Virtualizing MSI-X on IMS via VFIO

From: Tian, Kevin
Date: Tue Jun 22 2021 - 06:16:33 EST


Hi, Alex,

Need your help to understand the current MSI-X virtualization flow in
VFIO. Some background info first.

Recently we are discussing how to virtualize MSI-X with Interrupt
Message Storage (IMS) on mdev:
https://lore.kernel.org/kvm/87im2lyiv6.ffs@xxxxxxxxxxxxxxxxxxxxxxx/

IMS is a device specific interrupt storage, allowing an optimized and
scalable manner for generating interrupts. idxd mdev exposes virtual
MSI-X capability to guest but uses IMS entries physically for generating
interrupts.

Thomas has helped implement a generic ims irqchip driver:
https://lore.kernel.org/linux-hyperv/20200826112335.202234502@xxxxxxxxxxxxx/

idxd device allows software to specify an IMS entry (for triggering
completion interrupt) when submitting a descriptor. To prevent one
mdev triggering malicious interrupt into another mdev (by specifying
an arbitrary entry), idxd ims entry includes a PASID field for validation -
only a matching PASID in the executed descriptor can trigger interrupt
via this entry. idxd driver is expected to program ims entries with
PASIDs that are allocated to the mdev which owns those entries.

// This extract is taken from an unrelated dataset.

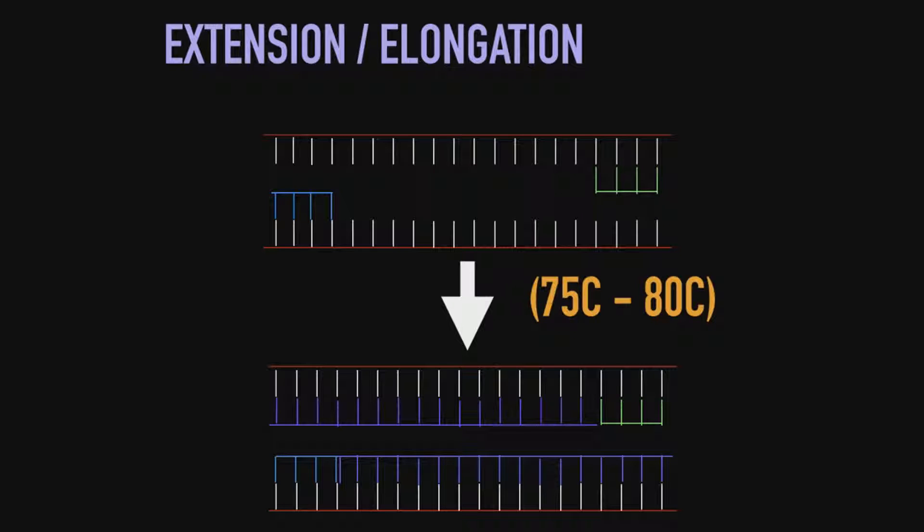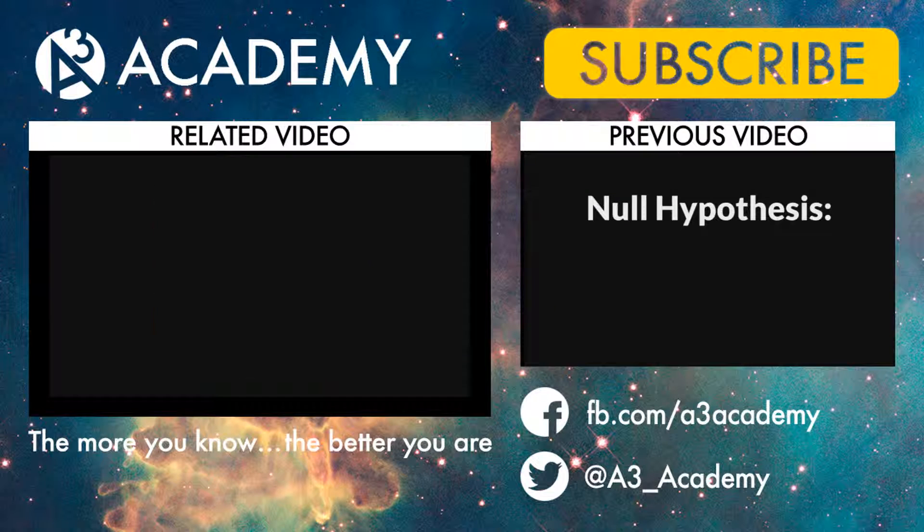After this is done, each two strands are then copied again. So the cycle continues until there are millions of DNA copies. That is all for today guys. I hope you enjoyed it. The more you know, the better you are.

Other devices may have different ID and format to isolate ims entries.
But we need abstract a generic means for programming vendor-specific
ID into vendor-specific ims entry, without violating the layering model.

Thomas suggested vendor driver to first register ID information (possibly
plus the location where to write ID to) in msi_desc when allocating irqs
(extend existing alloc function or via new helper function) and then have
the generic ims irqchip driver to update ID to the ims entry when it's
started up by request_irq().

Then there are two questions to be answered:

1) How does vendor driver decide the ID to be registered to msi_desc?
2) How is Thomas's model mapped to the MSI-X virtualization flow in VFIO?

For the 1st open, there are two types of PASIDs on idxd mdev:

1) default PASID: one per mdev and allocated when mdev is created;
2) sva PASIDs: multiple per mdev and allocated on-demand (via vIOMMU);

If vIOMMU is not exposed, all ims entries of this mdev should be
programmed with default PASID which is always available in mdev's
lifespan.

If vIOMMU is exposed and guest sva is enabled, entries used for sva
should be tagged with sva PASIDs, leaving others tagged with default
PASID. To help achieve intra-guest interrupt isolation, guest idxd driver
needs program guest sva PASIDs into virtual MSIX_PERM register (one
per MSI-X entry) for validation. Access to MSIX_PERM is trap-and-emulated
by host idxd driver which then figure out which PASID to register to
msi_desc (require PASID translation info via new /dev/iommu proposal).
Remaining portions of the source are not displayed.